This work addresses the lack of quantitative evaluation of spectral attribution accuracy in existing explainable AI (XAI) methods for anomalous sound detection, which often rely on subjective visualizations. The authors propose the first objective evaluation framework based on band-wise masking perturbation, systematically removing frequency bands and measuring the resulting changes in model predictions to quantify the alignment between XAI attributions and the model’s true spectral sensitivity. The framework enables reproducible benchmarking and is applied to evaluate four prominent XAI methods: Integrated Gradients, Occlusion, Grad-CAM, and SmoothGrad. Experimental results demonstrate that Occlusion most accurately reflects the model’s spectral dependencies, whereas gradient-based methods yield unreliable attributions, thereby validating the necessity and effectiveness of the proposed framework.

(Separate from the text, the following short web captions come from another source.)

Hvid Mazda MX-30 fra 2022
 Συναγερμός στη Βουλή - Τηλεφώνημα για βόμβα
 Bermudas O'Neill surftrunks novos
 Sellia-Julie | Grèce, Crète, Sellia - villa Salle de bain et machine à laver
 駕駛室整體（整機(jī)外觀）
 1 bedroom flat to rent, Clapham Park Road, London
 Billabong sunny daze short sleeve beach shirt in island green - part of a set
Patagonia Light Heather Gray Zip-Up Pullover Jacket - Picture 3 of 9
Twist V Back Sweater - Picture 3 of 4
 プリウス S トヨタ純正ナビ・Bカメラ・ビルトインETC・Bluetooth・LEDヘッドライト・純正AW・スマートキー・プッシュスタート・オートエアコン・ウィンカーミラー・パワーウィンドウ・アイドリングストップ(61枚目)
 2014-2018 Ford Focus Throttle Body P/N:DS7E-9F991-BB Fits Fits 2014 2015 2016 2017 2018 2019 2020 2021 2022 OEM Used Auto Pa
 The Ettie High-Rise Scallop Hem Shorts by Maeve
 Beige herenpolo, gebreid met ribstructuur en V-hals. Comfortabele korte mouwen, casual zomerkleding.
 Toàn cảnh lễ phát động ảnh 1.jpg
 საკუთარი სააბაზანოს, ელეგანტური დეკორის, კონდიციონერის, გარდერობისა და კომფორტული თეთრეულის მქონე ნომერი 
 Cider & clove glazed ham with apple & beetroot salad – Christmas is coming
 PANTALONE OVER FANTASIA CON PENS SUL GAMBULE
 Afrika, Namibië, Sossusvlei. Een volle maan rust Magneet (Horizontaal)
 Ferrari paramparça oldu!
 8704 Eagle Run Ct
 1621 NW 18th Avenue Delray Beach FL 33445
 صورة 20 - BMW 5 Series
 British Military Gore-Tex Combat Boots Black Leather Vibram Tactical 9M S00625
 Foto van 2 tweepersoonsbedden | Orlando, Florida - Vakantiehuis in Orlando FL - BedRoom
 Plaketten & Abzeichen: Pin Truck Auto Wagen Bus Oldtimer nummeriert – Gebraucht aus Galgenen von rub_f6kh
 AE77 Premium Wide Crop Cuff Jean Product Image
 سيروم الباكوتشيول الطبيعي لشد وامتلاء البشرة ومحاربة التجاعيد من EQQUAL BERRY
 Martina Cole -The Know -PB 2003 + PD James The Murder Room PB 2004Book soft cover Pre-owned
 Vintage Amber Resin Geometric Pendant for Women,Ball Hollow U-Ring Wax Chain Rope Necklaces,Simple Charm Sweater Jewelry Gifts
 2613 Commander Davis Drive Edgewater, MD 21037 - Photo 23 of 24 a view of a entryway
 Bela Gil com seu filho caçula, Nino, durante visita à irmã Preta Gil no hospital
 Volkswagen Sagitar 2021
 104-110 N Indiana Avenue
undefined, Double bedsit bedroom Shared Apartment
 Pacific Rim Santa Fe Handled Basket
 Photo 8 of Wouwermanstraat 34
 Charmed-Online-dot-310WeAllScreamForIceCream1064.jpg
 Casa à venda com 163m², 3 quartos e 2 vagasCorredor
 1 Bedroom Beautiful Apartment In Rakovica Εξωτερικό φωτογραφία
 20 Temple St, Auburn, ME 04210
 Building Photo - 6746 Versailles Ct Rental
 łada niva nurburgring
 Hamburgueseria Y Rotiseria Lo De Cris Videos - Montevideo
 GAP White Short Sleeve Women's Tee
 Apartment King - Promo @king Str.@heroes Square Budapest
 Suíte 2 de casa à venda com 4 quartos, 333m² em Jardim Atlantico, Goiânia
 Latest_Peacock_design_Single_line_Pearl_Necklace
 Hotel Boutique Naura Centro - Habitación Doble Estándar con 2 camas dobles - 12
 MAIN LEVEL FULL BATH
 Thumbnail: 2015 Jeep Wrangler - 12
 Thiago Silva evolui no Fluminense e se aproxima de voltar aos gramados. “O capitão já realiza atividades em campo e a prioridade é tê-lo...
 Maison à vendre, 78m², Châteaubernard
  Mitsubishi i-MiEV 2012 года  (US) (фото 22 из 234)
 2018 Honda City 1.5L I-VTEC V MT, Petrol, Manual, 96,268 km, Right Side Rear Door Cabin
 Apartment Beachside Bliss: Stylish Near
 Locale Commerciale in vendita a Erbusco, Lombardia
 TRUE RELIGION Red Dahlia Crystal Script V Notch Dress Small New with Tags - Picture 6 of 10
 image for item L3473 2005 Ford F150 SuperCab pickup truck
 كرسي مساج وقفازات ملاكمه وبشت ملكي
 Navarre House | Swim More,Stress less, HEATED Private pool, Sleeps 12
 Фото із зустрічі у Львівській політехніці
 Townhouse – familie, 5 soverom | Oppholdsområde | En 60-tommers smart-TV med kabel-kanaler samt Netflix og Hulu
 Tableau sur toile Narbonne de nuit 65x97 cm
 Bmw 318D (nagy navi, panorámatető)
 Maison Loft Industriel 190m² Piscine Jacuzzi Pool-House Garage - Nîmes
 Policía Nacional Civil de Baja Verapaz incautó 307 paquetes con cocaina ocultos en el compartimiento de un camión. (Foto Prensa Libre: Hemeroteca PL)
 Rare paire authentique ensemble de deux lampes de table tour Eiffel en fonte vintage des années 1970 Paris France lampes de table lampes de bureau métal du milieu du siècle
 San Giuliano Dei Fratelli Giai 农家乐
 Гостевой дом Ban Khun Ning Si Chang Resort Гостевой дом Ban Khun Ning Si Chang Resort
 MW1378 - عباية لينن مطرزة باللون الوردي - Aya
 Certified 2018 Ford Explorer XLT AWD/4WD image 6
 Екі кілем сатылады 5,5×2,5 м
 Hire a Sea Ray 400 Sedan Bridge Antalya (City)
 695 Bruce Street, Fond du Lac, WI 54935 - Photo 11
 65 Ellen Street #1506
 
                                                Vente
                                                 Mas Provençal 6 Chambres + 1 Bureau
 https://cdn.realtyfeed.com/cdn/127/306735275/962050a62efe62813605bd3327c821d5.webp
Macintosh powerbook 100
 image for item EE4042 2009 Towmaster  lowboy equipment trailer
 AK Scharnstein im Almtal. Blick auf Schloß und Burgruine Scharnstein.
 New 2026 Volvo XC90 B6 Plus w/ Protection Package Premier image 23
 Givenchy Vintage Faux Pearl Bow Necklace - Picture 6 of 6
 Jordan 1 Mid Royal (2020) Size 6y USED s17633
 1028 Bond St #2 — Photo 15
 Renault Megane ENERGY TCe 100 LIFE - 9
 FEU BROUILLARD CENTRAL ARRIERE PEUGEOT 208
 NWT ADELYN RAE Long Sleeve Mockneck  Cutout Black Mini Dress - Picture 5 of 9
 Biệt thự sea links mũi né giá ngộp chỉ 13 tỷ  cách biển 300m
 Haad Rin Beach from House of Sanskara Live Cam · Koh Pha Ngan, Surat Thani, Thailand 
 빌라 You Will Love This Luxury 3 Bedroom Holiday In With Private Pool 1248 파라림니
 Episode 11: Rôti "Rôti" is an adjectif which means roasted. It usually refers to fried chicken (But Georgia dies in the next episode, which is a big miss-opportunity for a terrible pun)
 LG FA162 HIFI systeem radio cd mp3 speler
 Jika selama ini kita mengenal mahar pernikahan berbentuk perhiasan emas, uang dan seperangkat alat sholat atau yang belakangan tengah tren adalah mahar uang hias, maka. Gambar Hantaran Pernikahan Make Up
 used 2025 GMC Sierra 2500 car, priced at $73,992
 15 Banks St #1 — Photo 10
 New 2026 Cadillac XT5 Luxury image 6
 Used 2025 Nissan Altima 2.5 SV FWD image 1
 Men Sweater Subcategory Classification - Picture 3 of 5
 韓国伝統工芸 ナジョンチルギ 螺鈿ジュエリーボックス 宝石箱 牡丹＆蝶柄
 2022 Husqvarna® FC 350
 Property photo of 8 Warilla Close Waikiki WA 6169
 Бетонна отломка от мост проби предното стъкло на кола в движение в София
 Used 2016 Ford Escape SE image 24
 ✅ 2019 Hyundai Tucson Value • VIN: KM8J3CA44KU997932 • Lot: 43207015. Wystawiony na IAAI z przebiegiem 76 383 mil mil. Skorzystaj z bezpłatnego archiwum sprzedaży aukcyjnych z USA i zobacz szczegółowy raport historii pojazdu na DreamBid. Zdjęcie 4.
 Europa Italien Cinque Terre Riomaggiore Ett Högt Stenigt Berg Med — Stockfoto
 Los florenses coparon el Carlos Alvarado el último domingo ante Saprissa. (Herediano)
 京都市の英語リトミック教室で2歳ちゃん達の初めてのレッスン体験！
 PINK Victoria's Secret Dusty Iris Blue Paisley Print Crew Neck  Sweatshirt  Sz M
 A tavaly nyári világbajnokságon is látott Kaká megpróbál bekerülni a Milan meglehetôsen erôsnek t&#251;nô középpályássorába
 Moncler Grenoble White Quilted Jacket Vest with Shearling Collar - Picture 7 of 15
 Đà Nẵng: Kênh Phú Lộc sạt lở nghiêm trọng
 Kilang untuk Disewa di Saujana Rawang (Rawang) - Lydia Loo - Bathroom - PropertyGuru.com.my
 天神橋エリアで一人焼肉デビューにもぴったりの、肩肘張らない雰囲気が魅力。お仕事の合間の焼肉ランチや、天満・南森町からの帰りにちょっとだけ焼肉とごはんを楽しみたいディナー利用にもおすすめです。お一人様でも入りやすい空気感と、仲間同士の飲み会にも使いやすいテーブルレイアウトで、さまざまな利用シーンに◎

Explainable AI (XAI) is commonly applied to anomalous sound detection (ASD) models to identify which time-frequency regions of an audio signal contribute to an anomaly decision. However, most audio explanations rely on qualitative inspection of saliency maps, leaving open the question of whether these attributions accurately reflect the spectral cues the model uses. In this work, we introduce a new quantitative framework for evaluating XAI faithfulness in machine-sound analysis by directly linking attribution relevance to model behaviour through systematic frequency-band removal. This approach provides an objective measure of whether an XAI method for machine ASD correctly identifies frequency regions that influence an ASD model's predictions. By using four widely adopted methods, namely Integrated Gradients, Occlusion, Grad-CAM and SmoothGrad, we show that XAI techniques differ in reliability, with Occlusion demonstrating the strongest alignment with true model sensitivity and gradient-+based methods often failing to accurately capture spectral dependencies. The proposed framework offers a reproducible way to benchmark audio explanations and enables more trustworthy interpretation of spectrogram-based ASD systems.